- TASK STATEMENT:
In how many lines of these records does the word "cartoon" appear? Give the number by itself.
##########
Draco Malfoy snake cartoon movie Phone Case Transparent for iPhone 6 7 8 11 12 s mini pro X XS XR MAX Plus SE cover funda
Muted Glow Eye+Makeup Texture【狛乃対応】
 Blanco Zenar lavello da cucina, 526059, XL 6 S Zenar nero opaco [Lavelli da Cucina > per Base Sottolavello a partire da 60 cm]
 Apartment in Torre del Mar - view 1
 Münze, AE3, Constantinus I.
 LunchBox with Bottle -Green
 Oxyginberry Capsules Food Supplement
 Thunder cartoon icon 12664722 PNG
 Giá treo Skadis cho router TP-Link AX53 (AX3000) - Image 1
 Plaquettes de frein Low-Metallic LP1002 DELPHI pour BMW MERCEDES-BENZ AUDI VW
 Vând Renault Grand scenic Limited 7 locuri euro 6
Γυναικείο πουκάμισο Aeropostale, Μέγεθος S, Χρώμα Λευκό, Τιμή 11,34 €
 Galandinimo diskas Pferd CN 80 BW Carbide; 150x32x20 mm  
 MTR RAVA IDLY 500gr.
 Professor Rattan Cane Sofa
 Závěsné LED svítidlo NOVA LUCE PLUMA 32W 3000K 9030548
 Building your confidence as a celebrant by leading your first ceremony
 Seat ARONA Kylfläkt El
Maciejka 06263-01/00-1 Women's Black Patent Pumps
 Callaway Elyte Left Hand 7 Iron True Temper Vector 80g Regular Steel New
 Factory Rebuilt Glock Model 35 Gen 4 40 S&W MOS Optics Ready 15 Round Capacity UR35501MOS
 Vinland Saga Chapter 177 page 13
##########
- RESPONSE TO THIS EXERCISE:
2